Anti-Biofouling Microstructures
U.S. Patent 8,997,672 (April 7, 2015), “Surface Topographies for Non-Toxic Bioadhesion Control,” Anthony B.
Brennan, Ronald Howard Baney, Michelle Carman Turnage, Thomas G. Estes, Adam W. Feinberg, Leslie H. Wilson, and James Frederick Schumacher (University of Florida Research Foundation, Inc., Gainesville, Florida, USA).
Biofouling refers to the attachment of organisms, such as algae and barnacles, to surfaces in water. It costs the U.S. Navy over $1 billion per year by increasing the hydrodynamic drag of naval ships. Biofouling is even a problem in medicine for implants, including heart valves and stents. Anti-fouling coatings are used to reduce biofouling by releasing biocides such as cuprous oxide or tributyltin, but these and released toxins are an environmental problem, and nontoxic methods are needed.

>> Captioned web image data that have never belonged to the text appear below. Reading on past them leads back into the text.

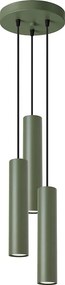 Lampa Wisząca Loft Lagos, Stal - 3 Źródło - L.19.5 X H.108 Cm - Zielony Oliwkowy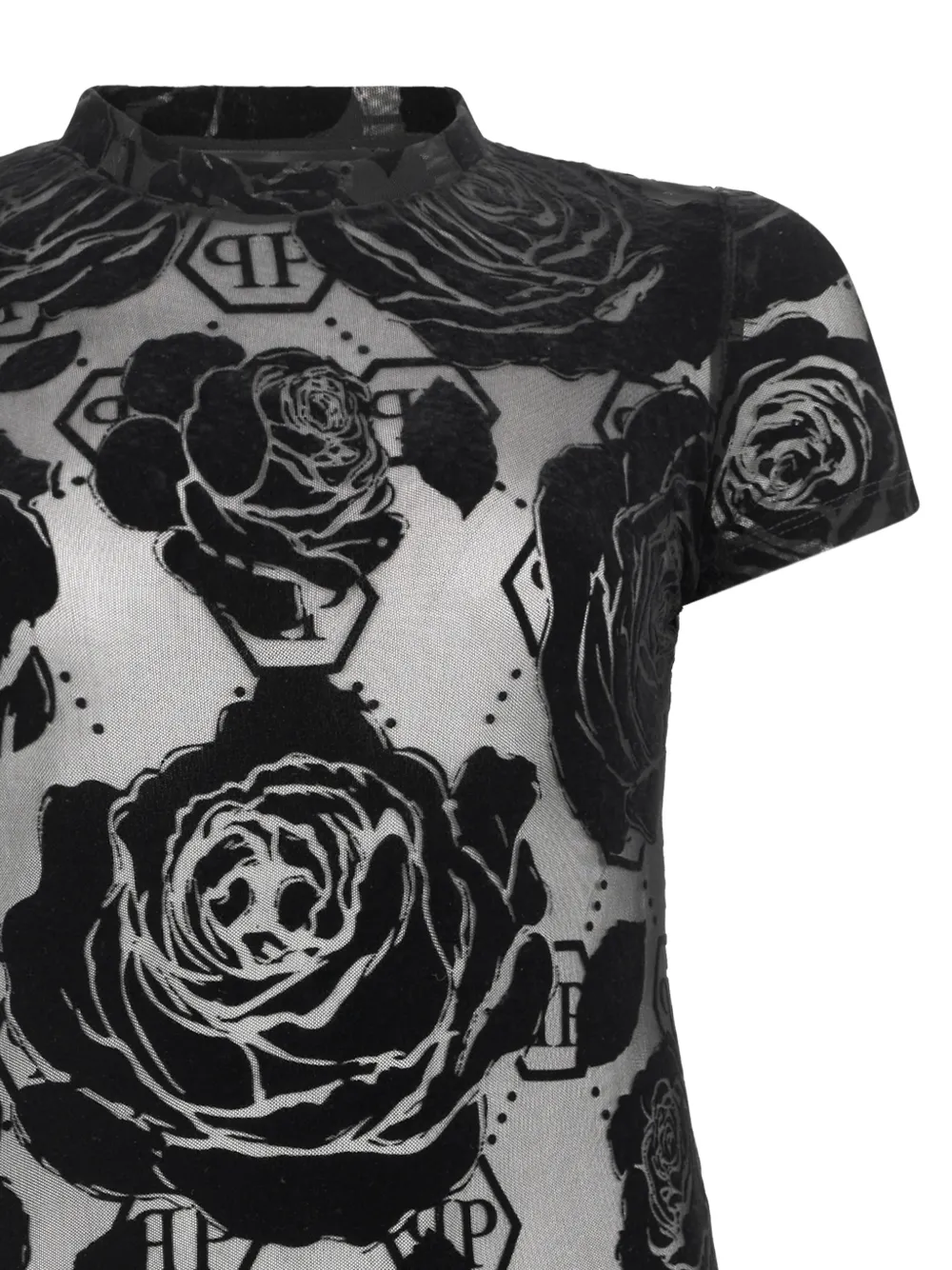 Philipp Plein T-shirt met korte mouwen en bloemdetail Zwart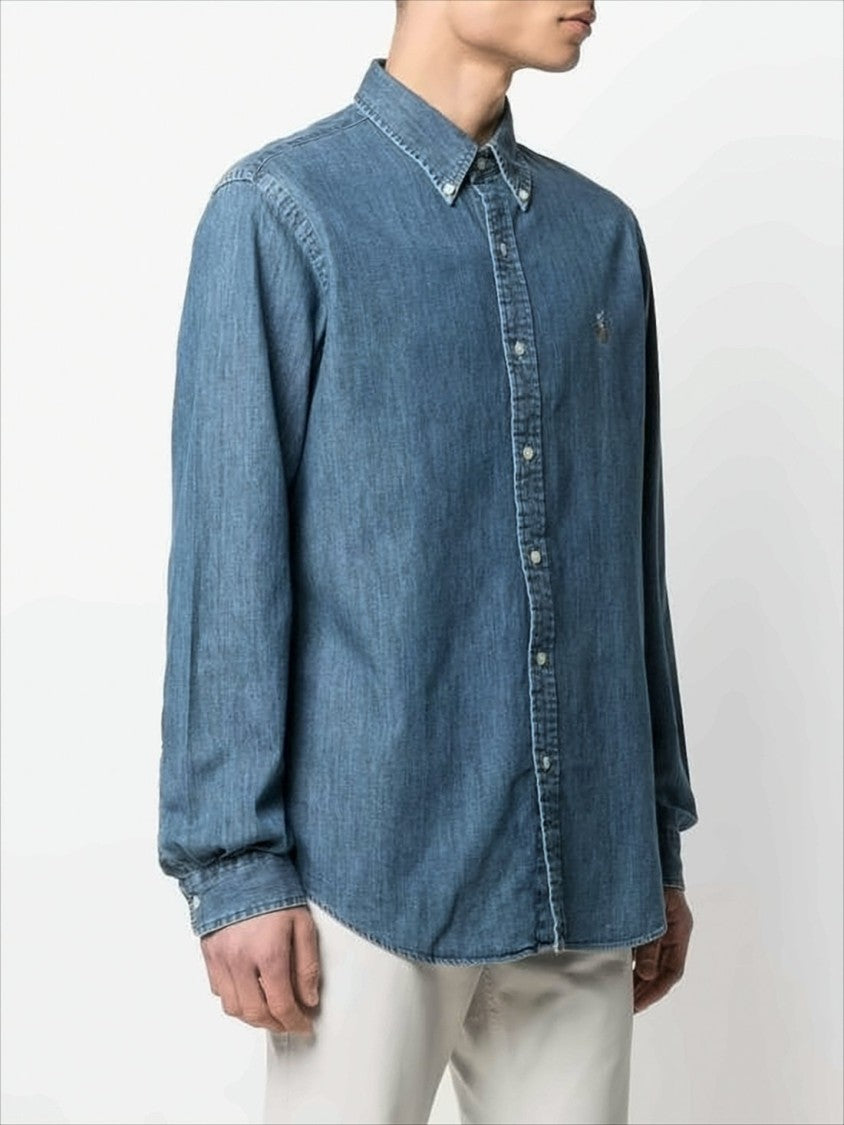Polo Ralph Lauren Classic Blue Denim Shirt With Button-Down Collar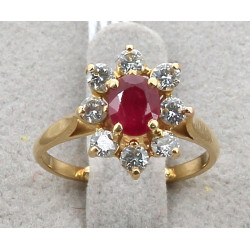 Bague en or jaune 18 cts, poinçon tête d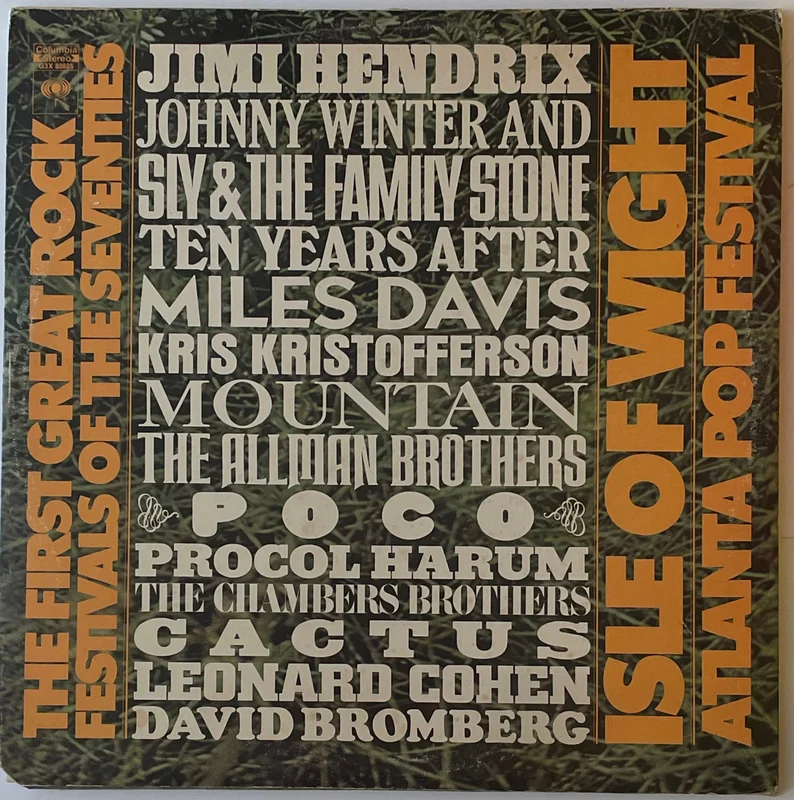 Various  The First Great Rock Festivals Of The Seventies - Isle Of Wight / Atlanta Pop Festival Lp (US Press)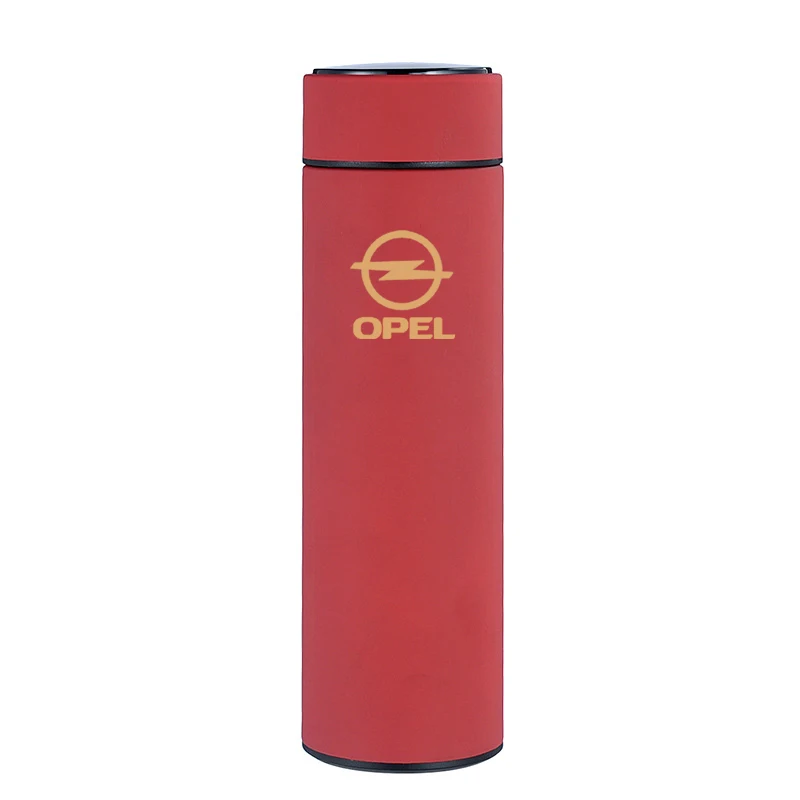 500ml Car Style Smart Thermos Mug LED Temperature Display Stainless Steel Tea Cup With Logo For Opel Astra h g j Insignia |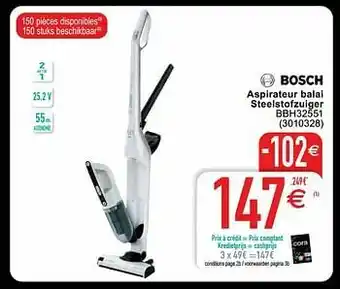 Cora Bosch aspirateur balai steelstofzuiger bbh32551 aanbieding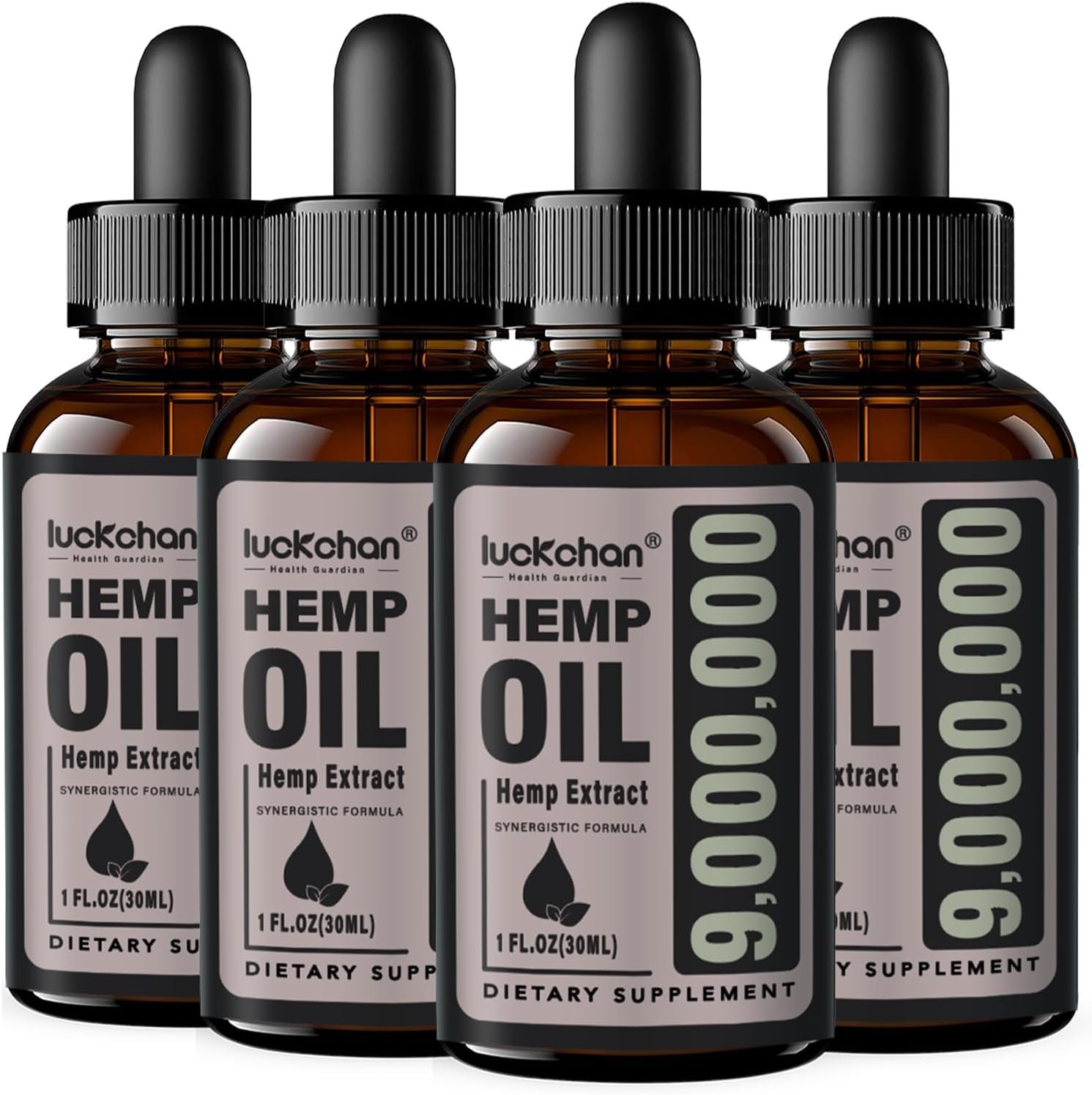 Hemp Oil Organic Extra Strength (4-Pack) High Potency Hemp Drops Natural Hemp Extract, Non-GMO, Low Sugar, Made in USA (Bilberry)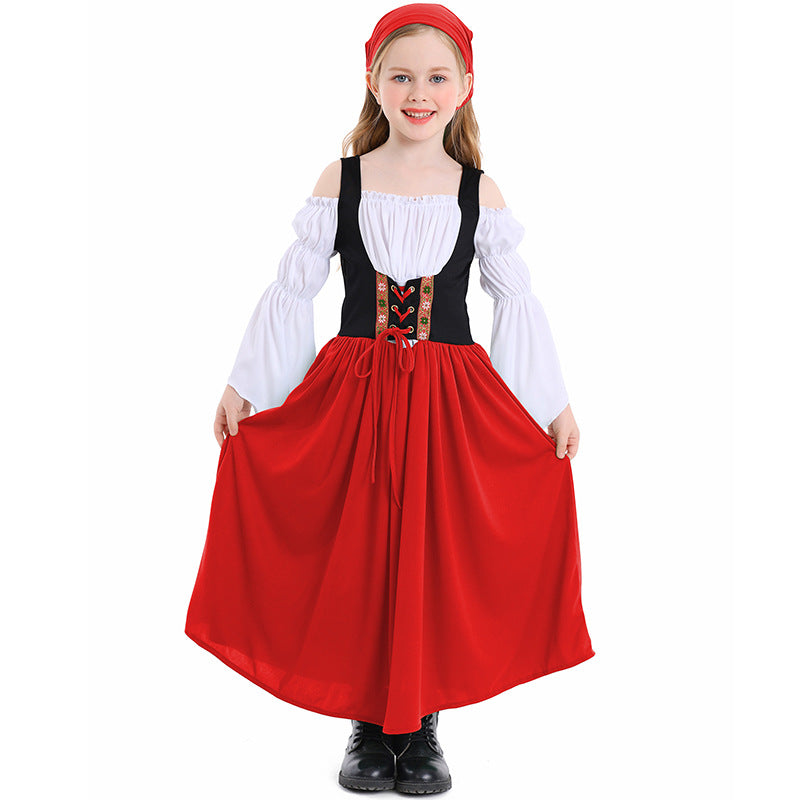 Girls Medieval Princess Dress Renaissance Cosplay Costume 4 Color Skirt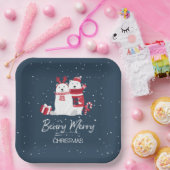 Polar Beary Merry Christmas ID851 Pappteller (Party)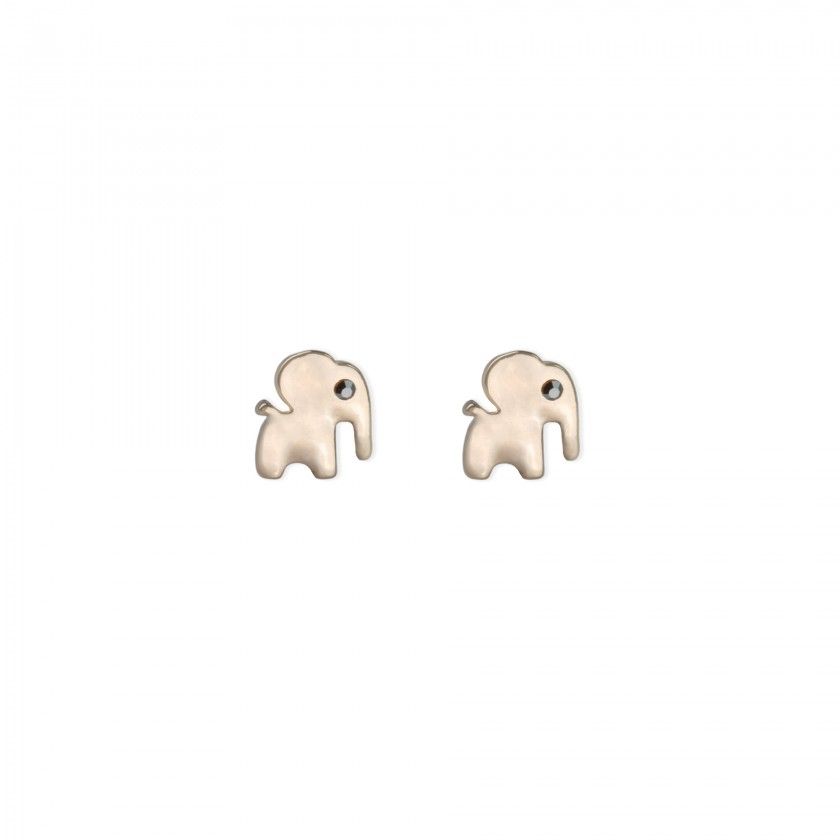 Brass elephant golden earrings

Brennan et al. developed a surface topography that resists organism adhesion without toxic coatings. This topography consists of a sinusoidal patterns of surface projections leading to complex surface plateaus. The critical feature is the 10 to 100 micron spacing between projections. The pattern must have neighboring features with different spaces described by different sinusoidal waves with a roughness factor of 4 to 50. The smaller spacing must be 0.25 to 0.75 of the smallest dimension of the overall organism structure to prevent adhesion. This means 2 to 5 microns for algae and 0.75 to 2 microns for barnacles. Different dimensions lead to different plateaus, repelling different organisms. These surface patterns are formed by printing, coating, or micro-molding.